WORK ORDER: Could you print exactly the lines from the one that contains "Dsquared2 Jeans: Dsquared2" to the end of the data, both ends included, and nothing else? Skip the pictures.

***

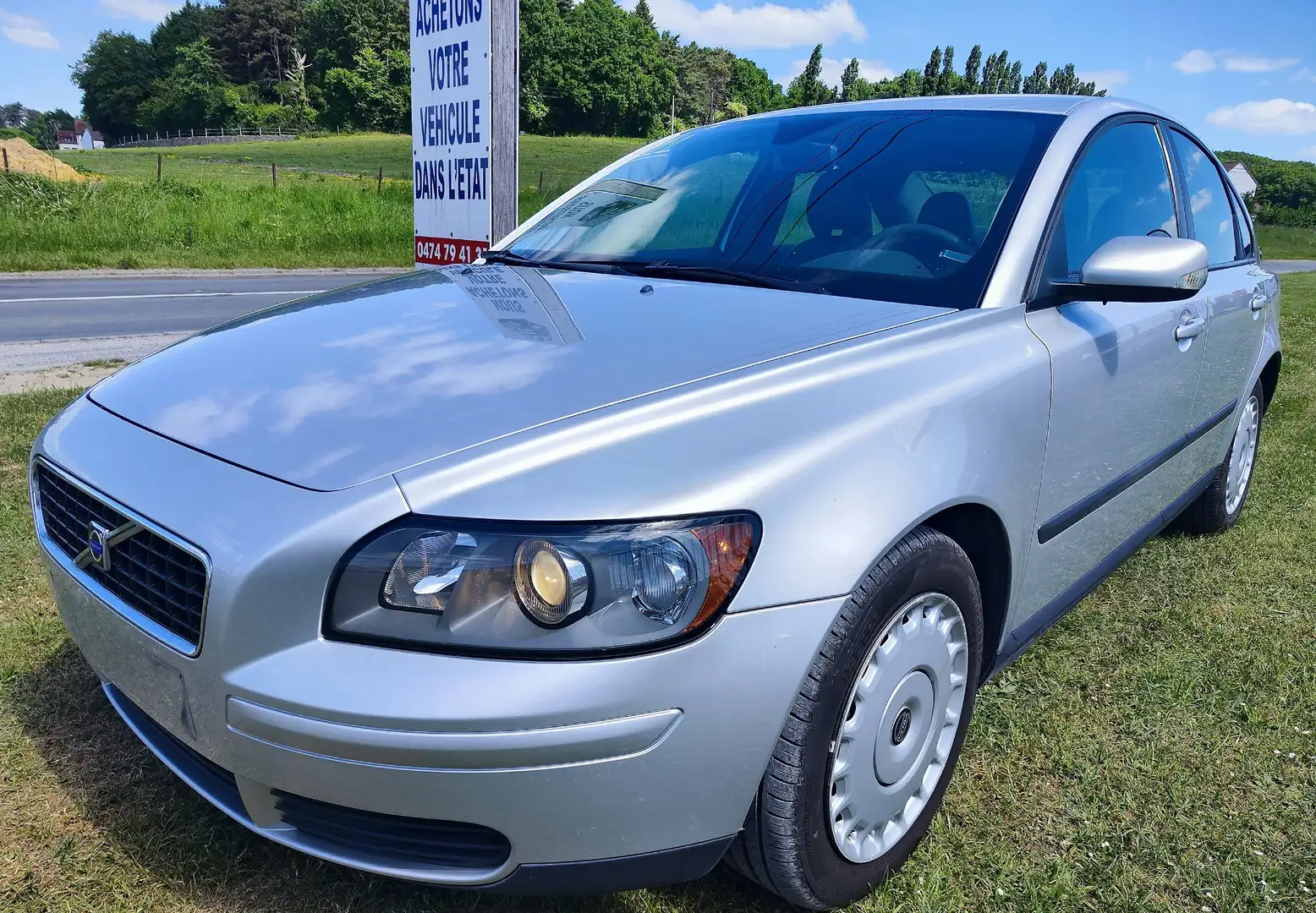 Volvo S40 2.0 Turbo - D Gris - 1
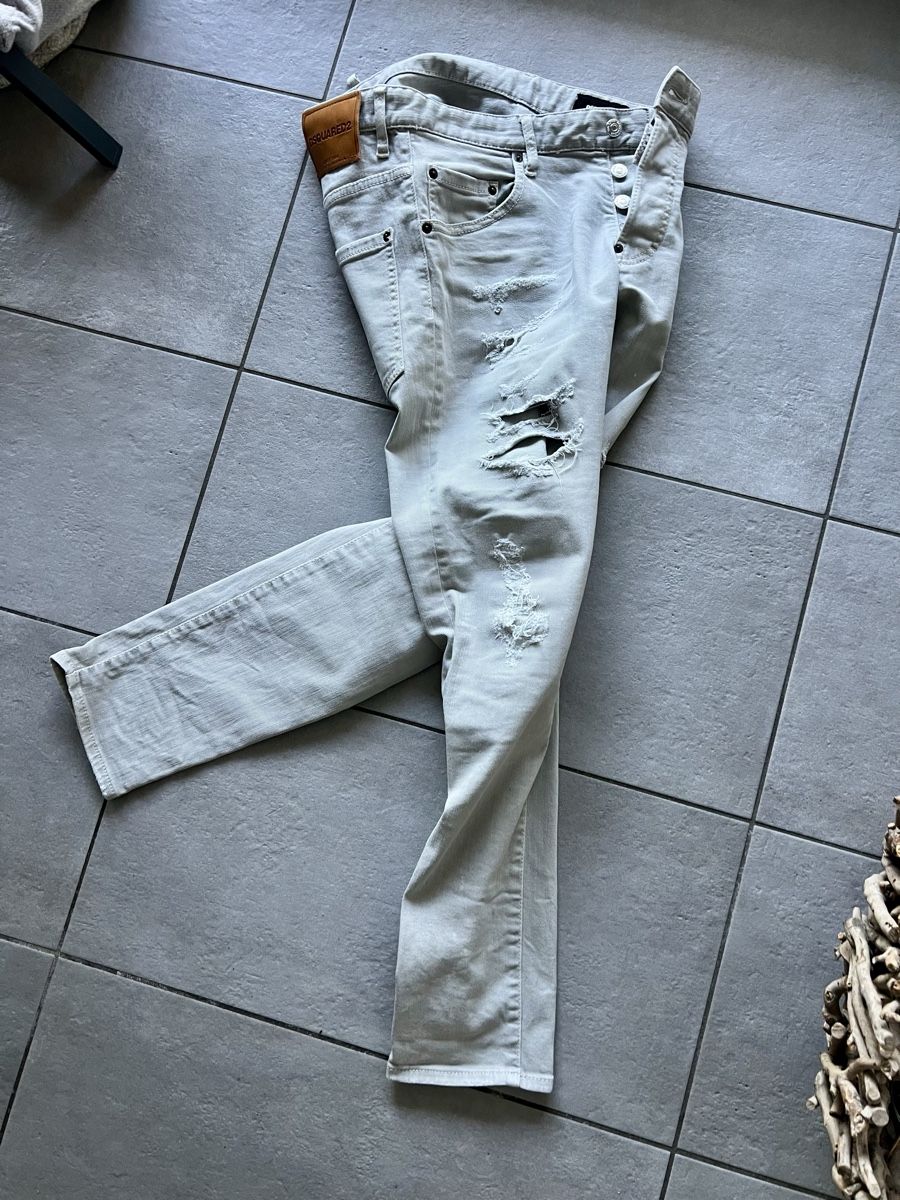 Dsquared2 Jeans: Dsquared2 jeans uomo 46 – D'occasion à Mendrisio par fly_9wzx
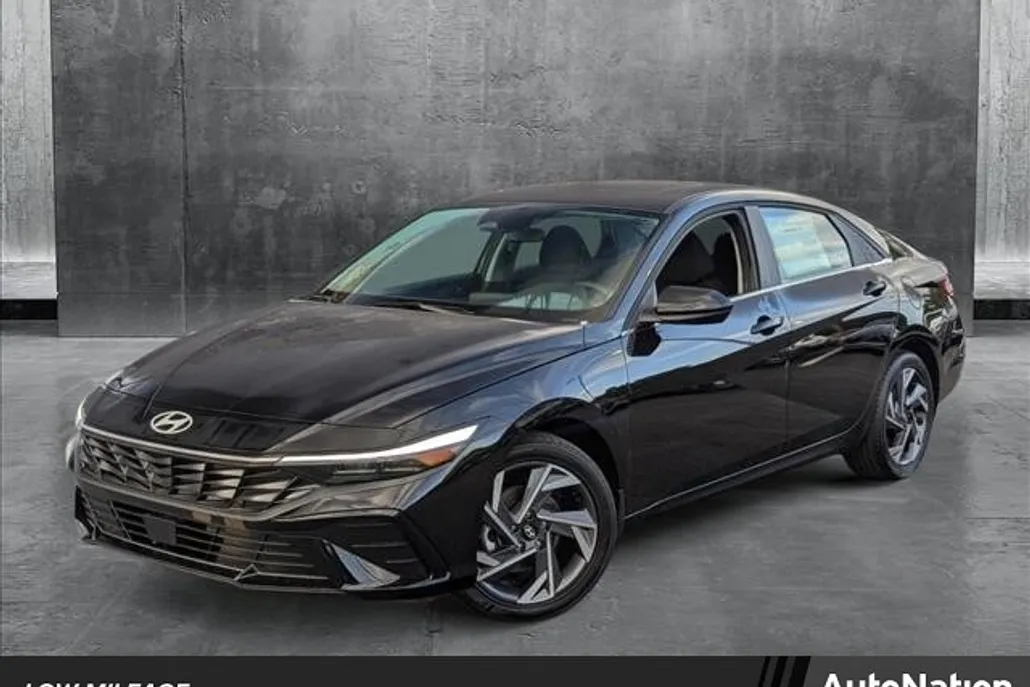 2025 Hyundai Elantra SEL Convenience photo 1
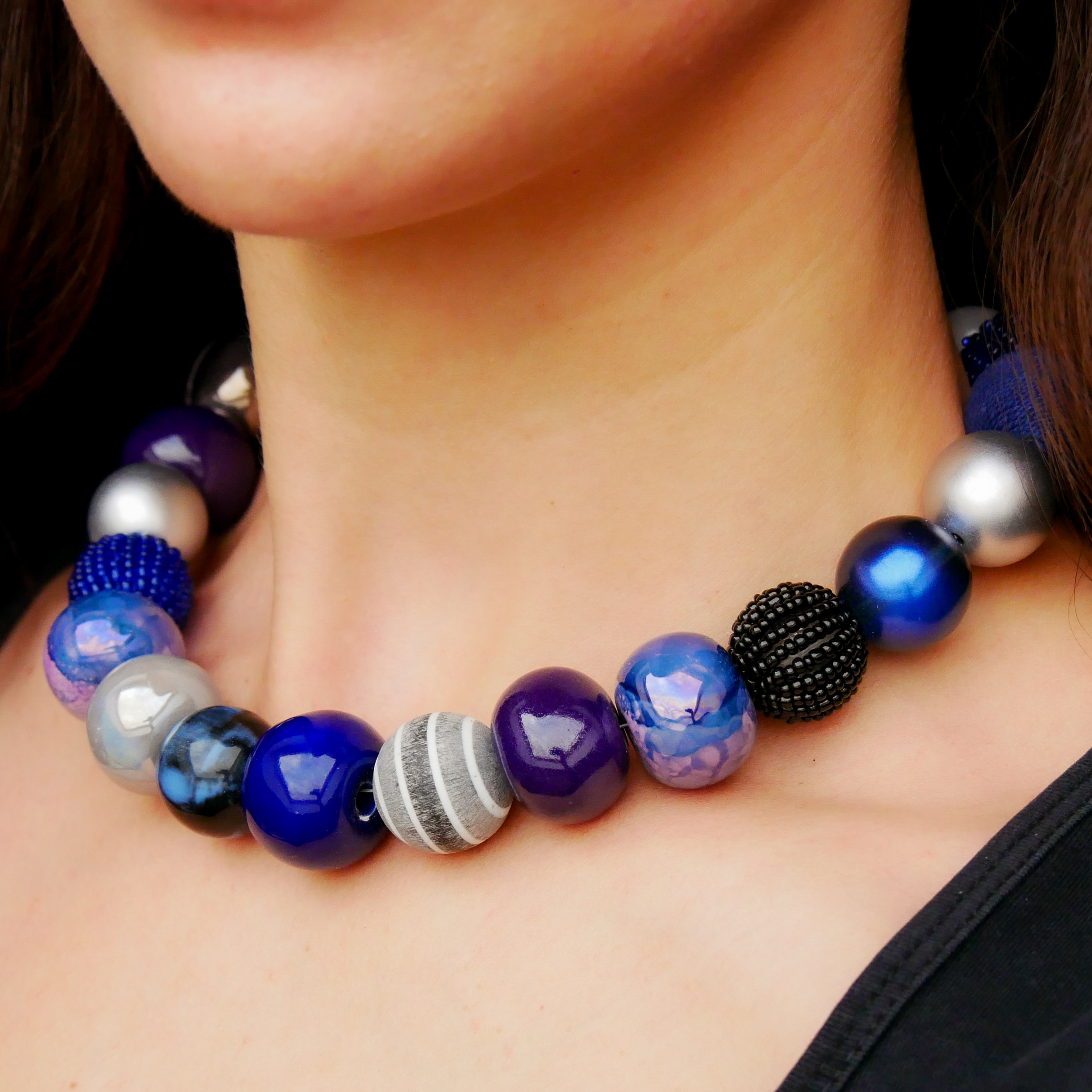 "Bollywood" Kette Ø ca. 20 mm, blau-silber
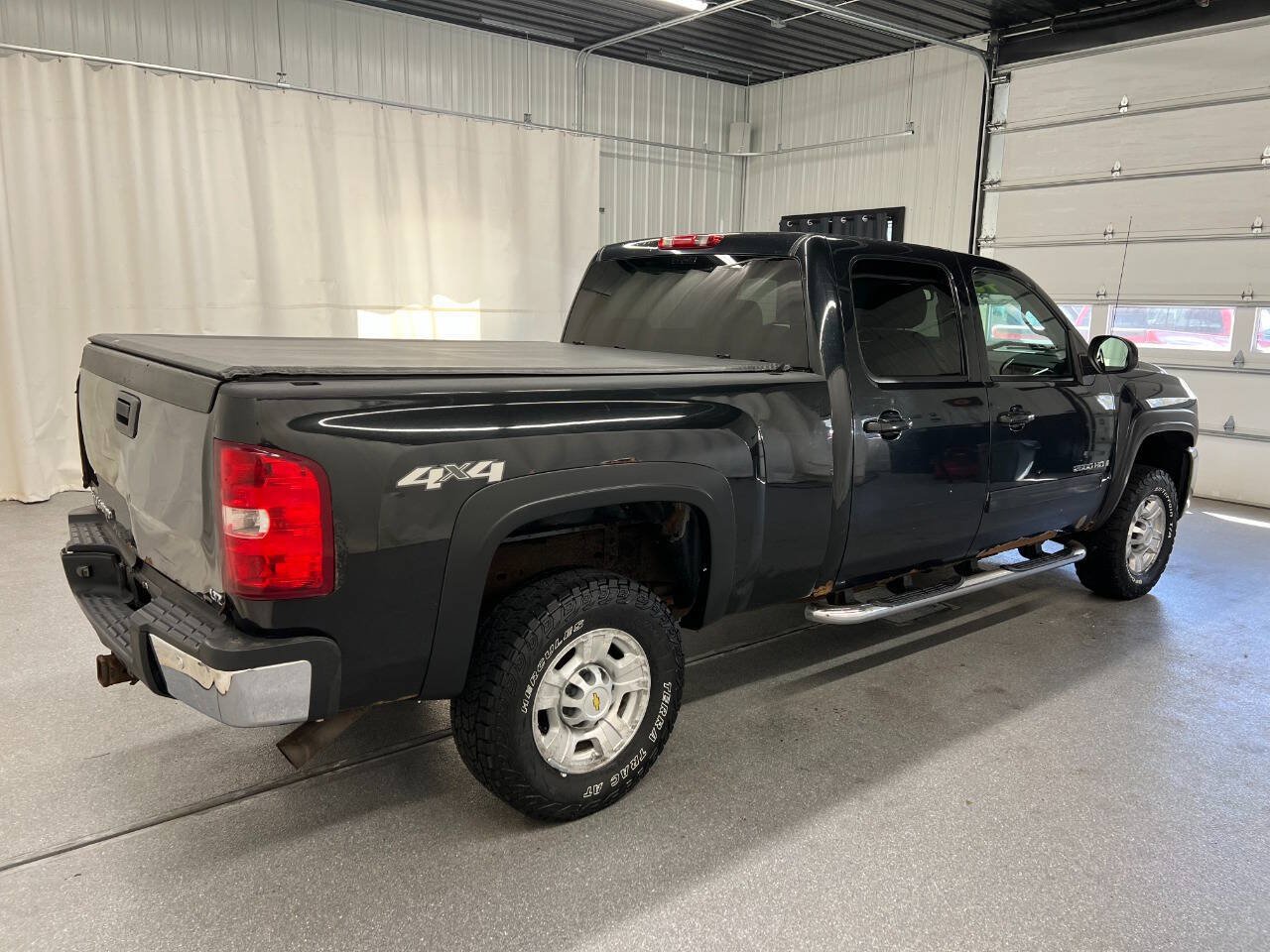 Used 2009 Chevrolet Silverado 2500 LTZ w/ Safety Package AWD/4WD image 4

***

ANSWER TO THIS PROBLEM:
 Dsquared2 Jeans: Dsquared2 jeans uomo 46 – D'occasion à Mendrisio par fly_9wzx
 2025 Hyundai Elantra SEL Convenience photo 1
 "Bollywood" Kette Ø ca. 20 mm, blau-silber
 Used 2009 Chevrolet Silverado 2500 LTZ w/ Safety Package AWD/4WD image 4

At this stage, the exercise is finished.